Back when The Sonics started working on legendary underground anthems like "The Witch" and "Strychnine," being in a garage band meant one thing, and one thing only: You spent most, if not all, of your time playing in somebody's garage. And that somebody was usually your drummer's parents.
It was from there that The Sonics — who recently teamed up with White Stripes producer Jim Diamond for their first album of all-new material since the '60s — emerged with the sound that placed them in the upper echelon of a genre none of them knew existed. Among garage-rock aficionados, the Tacoma, Washington band's name is now spoken with the same hushed reverence reserved for the likes of Roky Erickson's 13th Floor Elevators and Sky Saxon's The Seeds.
But being too far ahead of your time has its drawbacks. By the time Lenny Kaye began releasing garage-rock compilations and critic Lester Bangs went searching for the forgotten originators of punk-rock, The Sonics had already called it a day.
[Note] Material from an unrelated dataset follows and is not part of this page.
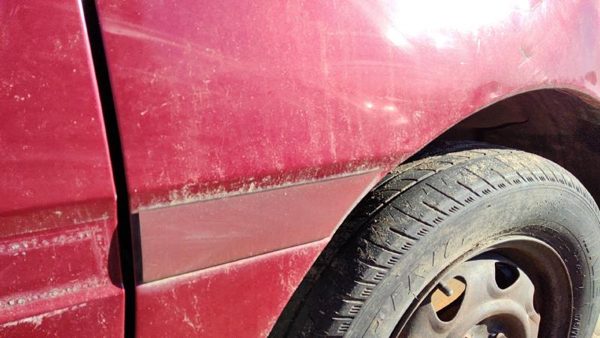 1997 Ford Aspire Fender Moulding RH E5 Red — photo 3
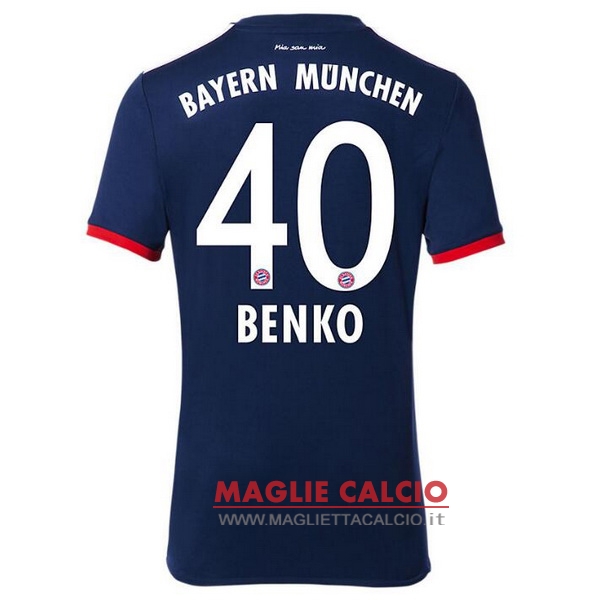 nuova maglietta bayern munich 2017-2018 benko 40 seconda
"By then I was trying not to get killed flying off aircraft carriers," recalls Sonics sax and harmonica player Rob Lind, who'd left the band to enlist as a Navy carrier pilot in Vietnam. "In the beginning, we were very focused on Jerry Lee Lewis and Little Richard — we practically did the Little Richard songbook. And then after we put 'The Witch' out, we'd play dances around the Northwest every Friday and Saturday night. We had to do three sets, which would be something like 60 songs. And so in addition to our stuff, we'd be playing The Stones' 'Get Off of My Cloud' and 'Slow Down' by the Beatles and 'You Really Got Me' by The Kinks."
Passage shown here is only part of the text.